When funding was pulled from youth work, the Church stepped up. Did the government notice?

Joyful Diverse Friends Selfie

Source: Mariana Pedroza @ lummi.ai

After years of cuts, Keir Starmer’s pledge to invest millions in young people will be welcomed by many. But Andy du Feu notes the Church has been plugging the funding gap for years — and it’s about time Westminster acknowledged that

Last week, Keir Starmer announced a plan to reverse the decimation of youth work services that took place under the previous government. The Prime Minister has allocated £88m to extra-curricular activities, spaces for uniformed groups, work to address anti-social behaviour and projects to boost youth engagement in areas of significant child poverty, as part of a wider Plan to Change commitment. It sounds good and should be welcomed across the board.

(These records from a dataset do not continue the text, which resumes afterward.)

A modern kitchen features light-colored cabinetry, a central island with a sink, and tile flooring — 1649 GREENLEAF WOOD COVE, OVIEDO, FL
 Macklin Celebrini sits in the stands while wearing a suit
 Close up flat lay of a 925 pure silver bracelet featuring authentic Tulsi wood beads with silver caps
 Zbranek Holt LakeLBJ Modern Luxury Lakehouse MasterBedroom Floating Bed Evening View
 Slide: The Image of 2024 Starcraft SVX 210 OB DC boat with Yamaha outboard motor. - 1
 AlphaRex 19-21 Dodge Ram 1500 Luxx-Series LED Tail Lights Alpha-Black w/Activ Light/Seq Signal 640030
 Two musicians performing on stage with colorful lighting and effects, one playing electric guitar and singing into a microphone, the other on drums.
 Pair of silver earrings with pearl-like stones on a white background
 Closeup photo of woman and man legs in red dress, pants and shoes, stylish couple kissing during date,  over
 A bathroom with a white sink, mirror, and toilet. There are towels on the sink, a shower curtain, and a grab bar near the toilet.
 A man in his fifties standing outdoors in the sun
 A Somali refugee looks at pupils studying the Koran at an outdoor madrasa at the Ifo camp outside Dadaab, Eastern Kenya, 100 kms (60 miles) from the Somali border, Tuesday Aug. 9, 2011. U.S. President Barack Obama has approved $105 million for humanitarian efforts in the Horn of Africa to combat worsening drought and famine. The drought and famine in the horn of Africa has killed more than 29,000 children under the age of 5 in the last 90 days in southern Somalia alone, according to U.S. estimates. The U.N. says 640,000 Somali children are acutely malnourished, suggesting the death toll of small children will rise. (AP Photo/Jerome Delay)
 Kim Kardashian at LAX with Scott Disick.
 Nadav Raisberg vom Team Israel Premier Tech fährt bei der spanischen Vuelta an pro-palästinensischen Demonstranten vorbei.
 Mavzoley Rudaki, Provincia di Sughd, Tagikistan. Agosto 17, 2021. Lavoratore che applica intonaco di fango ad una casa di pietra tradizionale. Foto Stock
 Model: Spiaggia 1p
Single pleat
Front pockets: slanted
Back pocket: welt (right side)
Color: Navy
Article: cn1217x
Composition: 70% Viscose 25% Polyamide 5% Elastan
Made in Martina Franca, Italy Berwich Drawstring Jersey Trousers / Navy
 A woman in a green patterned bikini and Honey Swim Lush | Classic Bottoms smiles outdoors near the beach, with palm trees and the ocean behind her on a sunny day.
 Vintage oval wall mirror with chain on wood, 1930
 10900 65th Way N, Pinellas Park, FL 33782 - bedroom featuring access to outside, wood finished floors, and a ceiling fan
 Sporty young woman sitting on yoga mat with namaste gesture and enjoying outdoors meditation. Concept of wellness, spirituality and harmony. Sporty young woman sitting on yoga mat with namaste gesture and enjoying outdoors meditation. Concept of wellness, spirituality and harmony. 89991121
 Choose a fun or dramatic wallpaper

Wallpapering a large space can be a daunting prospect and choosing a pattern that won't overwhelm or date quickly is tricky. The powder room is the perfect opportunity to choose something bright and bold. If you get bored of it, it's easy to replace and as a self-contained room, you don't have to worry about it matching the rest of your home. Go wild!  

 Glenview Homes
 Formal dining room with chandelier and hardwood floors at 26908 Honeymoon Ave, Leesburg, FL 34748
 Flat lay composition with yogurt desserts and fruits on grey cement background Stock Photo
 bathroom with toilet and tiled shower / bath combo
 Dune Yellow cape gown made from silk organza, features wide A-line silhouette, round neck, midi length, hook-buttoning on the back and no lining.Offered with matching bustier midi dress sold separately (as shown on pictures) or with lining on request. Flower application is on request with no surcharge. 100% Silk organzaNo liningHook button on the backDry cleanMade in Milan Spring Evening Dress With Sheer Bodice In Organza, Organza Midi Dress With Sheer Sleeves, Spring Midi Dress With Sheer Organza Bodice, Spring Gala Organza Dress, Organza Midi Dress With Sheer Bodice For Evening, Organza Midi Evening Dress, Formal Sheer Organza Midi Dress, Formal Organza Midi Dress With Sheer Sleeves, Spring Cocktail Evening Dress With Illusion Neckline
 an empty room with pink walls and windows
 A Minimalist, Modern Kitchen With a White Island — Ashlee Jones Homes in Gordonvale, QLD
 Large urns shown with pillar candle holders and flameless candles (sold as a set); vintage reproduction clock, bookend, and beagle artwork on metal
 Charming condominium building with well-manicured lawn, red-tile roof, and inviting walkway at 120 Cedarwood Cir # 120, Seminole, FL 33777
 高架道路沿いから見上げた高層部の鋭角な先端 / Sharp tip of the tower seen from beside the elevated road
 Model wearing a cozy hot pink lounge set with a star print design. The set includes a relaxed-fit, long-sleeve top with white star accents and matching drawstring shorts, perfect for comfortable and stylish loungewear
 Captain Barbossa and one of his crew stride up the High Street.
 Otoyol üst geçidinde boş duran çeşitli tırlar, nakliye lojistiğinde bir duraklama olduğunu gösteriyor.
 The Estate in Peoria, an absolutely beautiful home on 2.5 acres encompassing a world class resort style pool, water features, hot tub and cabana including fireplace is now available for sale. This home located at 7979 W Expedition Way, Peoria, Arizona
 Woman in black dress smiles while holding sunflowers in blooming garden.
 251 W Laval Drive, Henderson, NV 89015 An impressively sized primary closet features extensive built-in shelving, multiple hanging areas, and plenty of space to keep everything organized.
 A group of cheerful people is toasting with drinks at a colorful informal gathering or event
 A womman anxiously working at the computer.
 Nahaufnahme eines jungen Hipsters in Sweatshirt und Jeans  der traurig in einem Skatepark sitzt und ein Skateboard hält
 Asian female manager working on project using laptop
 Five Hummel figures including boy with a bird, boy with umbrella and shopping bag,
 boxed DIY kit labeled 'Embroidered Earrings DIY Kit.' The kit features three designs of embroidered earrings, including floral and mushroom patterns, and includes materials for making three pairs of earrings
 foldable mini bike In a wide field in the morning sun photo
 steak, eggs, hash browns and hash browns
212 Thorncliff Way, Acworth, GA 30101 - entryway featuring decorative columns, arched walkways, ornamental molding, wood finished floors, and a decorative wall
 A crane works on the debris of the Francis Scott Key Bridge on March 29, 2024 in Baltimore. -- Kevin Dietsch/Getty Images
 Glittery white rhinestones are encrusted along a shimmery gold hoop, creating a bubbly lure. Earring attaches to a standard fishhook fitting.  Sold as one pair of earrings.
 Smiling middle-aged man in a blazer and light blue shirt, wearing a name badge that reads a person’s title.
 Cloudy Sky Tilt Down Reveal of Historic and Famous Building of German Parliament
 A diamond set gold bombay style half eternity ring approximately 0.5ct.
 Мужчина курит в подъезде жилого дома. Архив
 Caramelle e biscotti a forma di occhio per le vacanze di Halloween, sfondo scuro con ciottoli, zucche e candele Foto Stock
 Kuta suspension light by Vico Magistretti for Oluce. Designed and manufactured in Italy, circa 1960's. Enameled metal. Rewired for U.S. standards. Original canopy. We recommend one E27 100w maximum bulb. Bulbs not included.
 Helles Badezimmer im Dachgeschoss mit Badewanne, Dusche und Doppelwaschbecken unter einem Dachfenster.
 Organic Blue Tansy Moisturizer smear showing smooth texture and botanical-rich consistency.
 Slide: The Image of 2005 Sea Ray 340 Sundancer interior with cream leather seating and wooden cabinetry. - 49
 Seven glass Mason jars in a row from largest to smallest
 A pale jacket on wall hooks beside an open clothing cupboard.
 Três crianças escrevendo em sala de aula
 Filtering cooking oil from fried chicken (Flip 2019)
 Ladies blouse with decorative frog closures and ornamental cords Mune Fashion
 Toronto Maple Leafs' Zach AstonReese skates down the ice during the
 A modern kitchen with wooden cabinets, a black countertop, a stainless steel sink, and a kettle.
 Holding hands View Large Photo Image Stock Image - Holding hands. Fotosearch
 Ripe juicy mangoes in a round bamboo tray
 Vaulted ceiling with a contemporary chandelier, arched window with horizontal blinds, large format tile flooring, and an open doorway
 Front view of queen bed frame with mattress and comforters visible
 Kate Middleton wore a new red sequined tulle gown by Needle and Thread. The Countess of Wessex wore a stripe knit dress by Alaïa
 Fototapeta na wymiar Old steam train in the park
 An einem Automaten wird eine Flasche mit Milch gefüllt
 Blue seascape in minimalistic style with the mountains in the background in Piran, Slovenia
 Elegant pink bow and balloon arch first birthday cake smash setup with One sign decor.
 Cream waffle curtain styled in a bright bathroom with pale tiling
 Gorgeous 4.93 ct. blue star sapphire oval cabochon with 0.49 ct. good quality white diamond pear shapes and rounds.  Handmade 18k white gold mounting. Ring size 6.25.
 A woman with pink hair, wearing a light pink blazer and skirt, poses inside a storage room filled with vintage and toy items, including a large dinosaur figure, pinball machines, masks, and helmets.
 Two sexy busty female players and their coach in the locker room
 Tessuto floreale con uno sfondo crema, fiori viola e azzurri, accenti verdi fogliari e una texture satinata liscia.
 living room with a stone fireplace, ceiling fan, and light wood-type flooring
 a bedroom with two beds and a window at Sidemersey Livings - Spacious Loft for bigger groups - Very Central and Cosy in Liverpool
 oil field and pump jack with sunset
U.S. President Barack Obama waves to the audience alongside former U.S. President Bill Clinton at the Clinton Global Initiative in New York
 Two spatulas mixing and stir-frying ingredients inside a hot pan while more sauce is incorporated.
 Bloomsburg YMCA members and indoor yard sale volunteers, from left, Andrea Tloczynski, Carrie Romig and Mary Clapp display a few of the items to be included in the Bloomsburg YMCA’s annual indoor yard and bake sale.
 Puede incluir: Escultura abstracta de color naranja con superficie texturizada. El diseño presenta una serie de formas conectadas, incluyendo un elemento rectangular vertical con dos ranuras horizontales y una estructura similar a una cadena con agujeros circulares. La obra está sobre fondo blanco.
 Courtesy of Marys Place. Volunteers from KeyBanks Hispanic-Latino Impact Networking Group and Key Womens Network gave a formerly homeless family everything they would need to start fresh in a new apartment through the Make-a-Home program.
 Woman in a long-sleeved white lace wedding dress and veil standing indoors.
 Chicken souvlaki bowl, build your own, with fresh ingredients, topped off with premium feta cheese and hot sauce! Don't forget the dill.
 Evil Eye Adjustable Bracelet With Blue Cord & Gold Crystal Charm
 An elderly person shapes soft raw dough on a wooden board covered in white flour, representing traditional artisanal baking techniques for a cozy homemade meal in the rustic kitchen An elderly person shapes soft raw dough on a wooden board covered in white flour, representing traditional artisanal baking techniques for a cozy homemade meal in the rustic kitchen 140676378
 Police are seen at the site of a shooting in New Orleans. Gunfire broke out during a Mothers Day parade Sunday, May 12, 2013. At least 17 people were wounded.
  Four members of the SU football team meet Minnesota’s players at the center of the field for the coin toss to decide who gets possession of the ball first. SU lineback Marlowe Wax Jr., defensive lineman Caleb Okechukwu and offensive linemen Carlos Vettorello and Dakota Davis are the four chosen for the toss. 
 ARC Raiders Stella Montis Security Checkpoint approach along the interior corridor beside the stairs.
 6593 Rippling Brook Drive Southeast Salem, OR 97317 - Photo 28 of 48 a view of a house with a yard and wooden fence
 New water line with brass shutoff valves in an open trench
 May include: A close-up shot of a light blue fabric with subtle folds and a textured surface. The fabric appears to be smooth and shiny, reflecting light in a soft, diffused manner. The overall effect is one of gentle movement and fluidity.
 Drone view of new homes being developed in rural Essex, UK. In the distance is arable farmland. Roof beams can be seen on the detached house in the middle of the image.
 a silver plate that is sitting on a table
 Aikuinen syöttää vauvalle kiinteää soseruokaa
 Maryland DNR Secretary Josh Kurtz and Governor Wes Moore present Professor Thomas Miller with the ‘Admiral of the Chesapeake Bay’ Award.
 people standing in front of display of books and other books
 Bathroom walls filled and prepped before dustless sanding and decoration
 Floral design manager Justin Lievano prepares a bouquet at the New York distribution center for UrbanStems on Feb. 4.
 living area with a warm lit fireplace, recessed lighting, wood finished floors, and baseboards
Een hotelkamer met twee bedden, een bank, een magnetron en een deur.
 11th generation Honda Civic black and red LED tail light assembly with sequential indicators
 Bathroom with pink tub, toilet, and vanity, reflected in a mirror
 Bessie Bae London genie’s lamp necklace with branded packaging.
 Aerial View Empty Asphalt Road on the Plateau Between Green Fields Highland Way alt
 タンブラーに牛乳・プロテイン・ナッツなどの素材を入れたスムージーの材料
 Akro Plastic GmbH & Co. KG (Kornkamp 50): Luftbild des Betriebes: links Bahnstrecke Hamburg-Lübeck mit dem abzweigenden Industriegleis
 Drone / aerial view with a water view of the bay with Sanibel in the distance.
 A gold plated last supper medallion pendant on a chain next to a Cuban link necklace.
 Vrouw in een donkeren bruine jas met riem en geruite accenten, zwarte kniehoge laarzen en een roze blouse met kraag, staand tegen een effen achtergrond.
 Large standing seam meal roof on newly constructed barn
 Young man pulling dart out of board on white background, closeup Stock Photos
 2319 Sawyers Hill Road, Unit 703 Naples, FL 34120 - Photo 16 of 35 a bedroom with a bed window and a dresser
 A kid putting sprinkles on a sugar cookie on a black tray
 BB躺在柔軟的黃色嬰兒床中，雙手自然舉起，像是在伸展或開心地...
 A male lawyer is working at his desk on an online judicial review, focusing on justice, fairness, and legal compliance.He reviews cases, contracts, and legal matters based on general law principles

However, those ten-plus years of cuts run deep. By 2023, some 1,243 youth centres had closed and 4,500 youth work jobs had been lost. Local authority youth work was a sitting duck for cash-strapped councils, and the damage will not be healed by an injection of cash.

Five years ago, I wrote that youth work in the UK was having an identity crisis, hitting something of a low water mark. What was needed then – and is still needed now - is a re-orientation. We need to stop problematising young people and instead work towards building social, emotional and physical capacities and investing in preventative work.